The states haven’t petitions but groups within the states. I would think those petitioners need to petition the governor of their states and then the state governments would petition the Feds to secede.
Does anyone here know the procedure?
If our votes don’t count, why would signatures?
Just sayin’.
Questions for all to ask yourselves:
1. In 2016, maybe 2014, with government dependency approaching 60% of the population or greater, the chances of restoring the country closer, even marginally, to its constitutional, limited government, individual liberty roots by popular vote will approach or equal nil. What then, sirs?
2. If, as some really smart financial people think, we suffer an economic collapse, would you support restoring the country ‘as-is’ or in a different structure?
3. Do you really feel in your heart that those who voted for Obama and support what he has done and will do over the next four years deserve to be considered your ‘countrymen’?
My answers:
1.When you boil away all the superfluous claptrap, the 48 or 49% who wanted anybody but the socialist Obama have but two choices: (1) Begin exploring every option possible to separate ourselves from him AND the people who want what he wants and put him back in office or (2) accept the boot on your neck for the rest of your lives and the lives of all those who will come after you. Socialism is not voluntary.

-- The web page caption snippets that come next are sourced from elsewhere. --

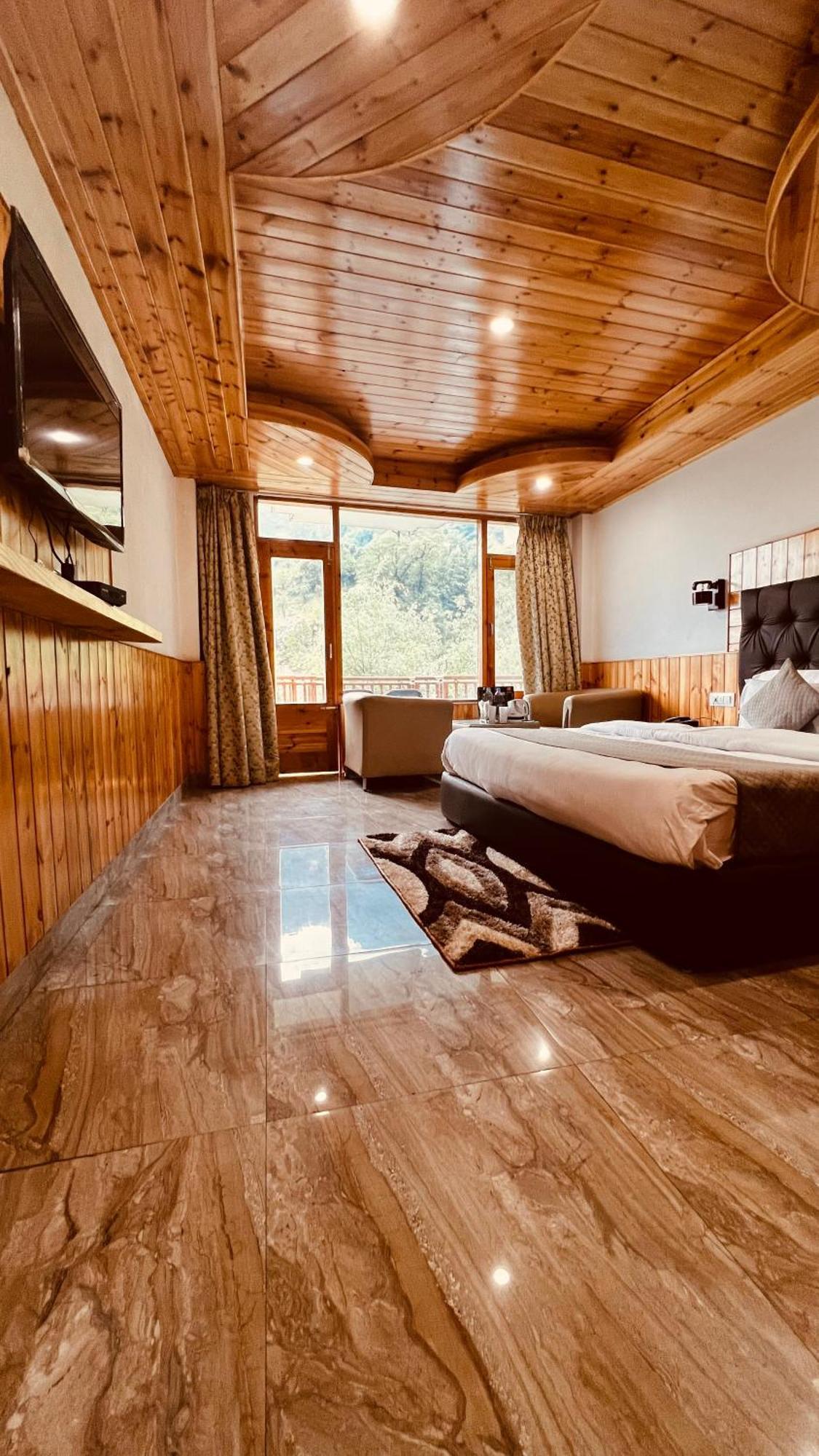 Himalayan Hill Queen Resort, Manali M98160-43400 Buitenkant foto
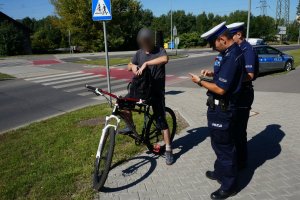 Na zdjęciu policjanci w trakcie wykonywania czynności wobec zatrzymanego do kontroli rowerzysty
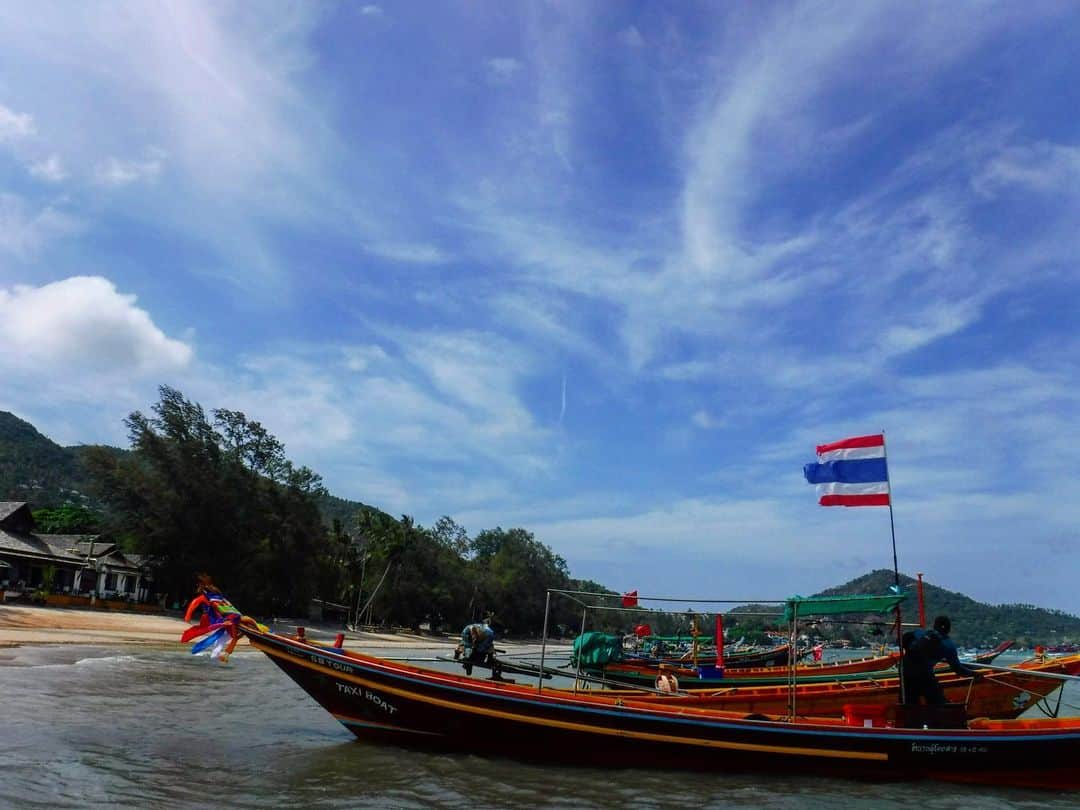 渡辺由布子さんのインスタグラム写真 - (渡辺由布子Instagram)「🚤 ・ ＴＡＯ ＩＳＬＡＮＤ  2月前半は避寒のため#タイ へ✈︎ 乾季は30℃以上ありながらも湿度が高すぎず、毎日青空が見えて過ごしやすくて好き。  新型コロナウィルスやPM2.5対策で、タイでもマスク人口多め。  サムイ島から2時間の船旅を経て、#タオ島 に初上陸🚩  #EscapetoThai  #ThailandResort #beach #palmtrees  #boattrip 📍 #KohTao #Thailand #🇹🇭」2月16日 19時05分 - watanabe_yuko
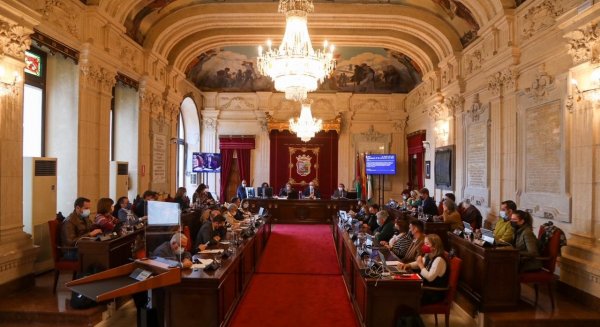 El Ayuntamiento intensifica el servicio de orientación laboral en todos los distritos con atención presencial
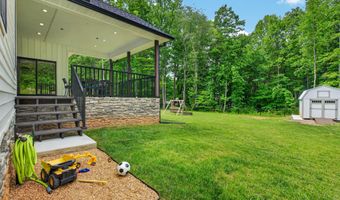 355 Shadows Lawn Dr, Athens, TN 37303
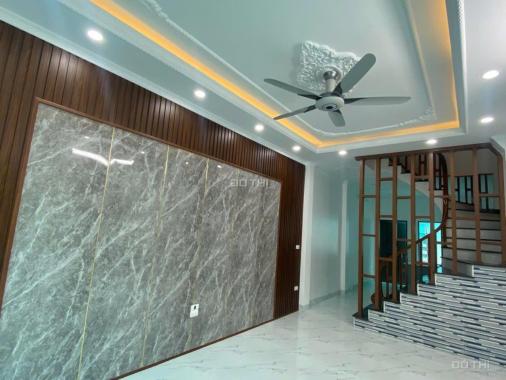 Bán nhà gần 60m2 Ngõ 1 Đại Đồng Đông Mỹ Thanh Trì, 100m ra đường trục xe buýt Đông Mỹ, Bán 5 tỷ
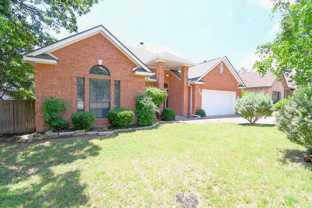 719 Oak Hollow Dr - Photo 1 of 1
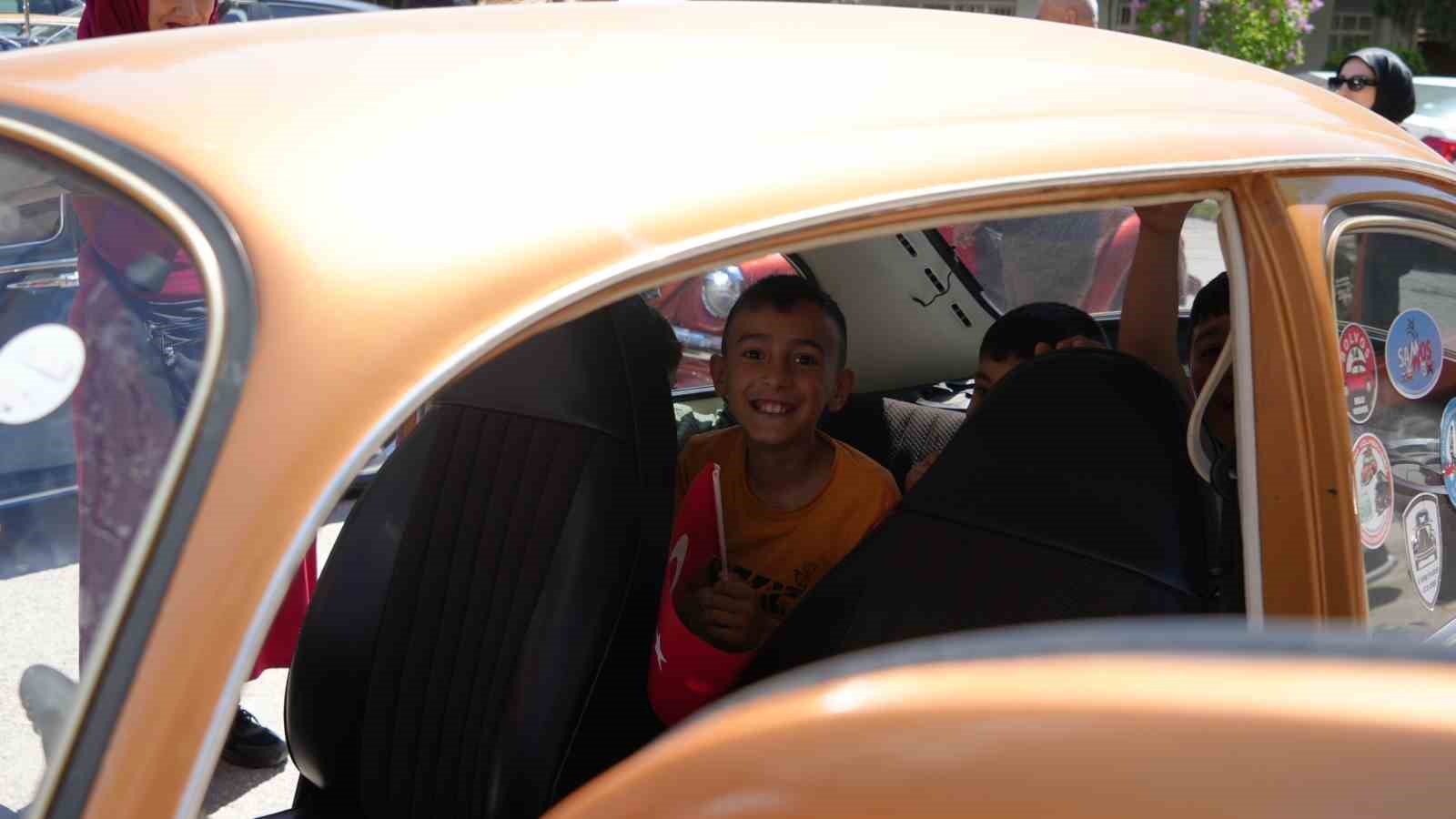 Özel çocuklar, tosbağa arabalarla konvoy yaptı
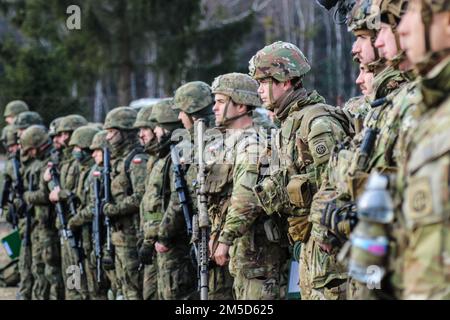 USA Armee-Fallschirmjäger im 1. Brigadekampf, 82. Luftwaffe, bereiten sich vor, mit ihren polnischen Alliierten auf einem Scharfschützenstand in Nowa Deba, Polen, am 3. März 2022 zu trainieren. Die 82. Luftwaffe mit Sitz in Fort Bragg, N.C., wurde nach Polen entsandt, als Teil des starken und unermüdlichen Engagements für unsere NATO-Alliierten und zur Abschreckung von Aggressionen. Stockfoto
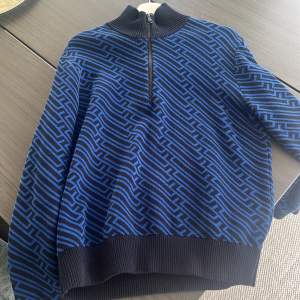 En zip sweater från J.Lindeberg. Använd sparsamt! Storlek M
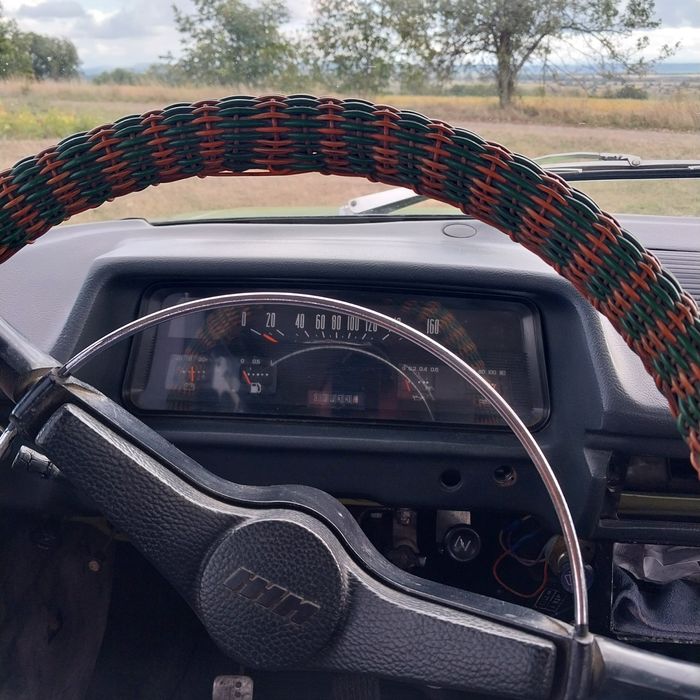 Автомобіль, капсула часу ІЖ412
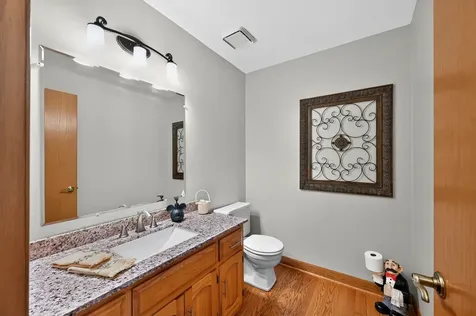10841 Long Avenue Oak Lawn IL 60453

I suspect the American colonists faced weighing the same grave decision in the 1770s.
2. I would think an economic collapse on the scale that some imagine would be the perfect opportunity for states to declare their independence from the people who caused the debacle.
3. They are not my countrymen. They are dead to me. In fact I cast off a friend two weeks ago who defended/excused Obama’s leaving four Americans to die while watching it in real time.
Good for them...
I wish that people would stop uttering this misleading statement. Not a single state legislature has produced a petition for secession, but lots of private citizens have.
Until one or more state legislatures get behind this, it's simply a popular protest.
In the preface to her history, she said that by 1776, the Revolution was really a done-deal in the minds of the Colonists.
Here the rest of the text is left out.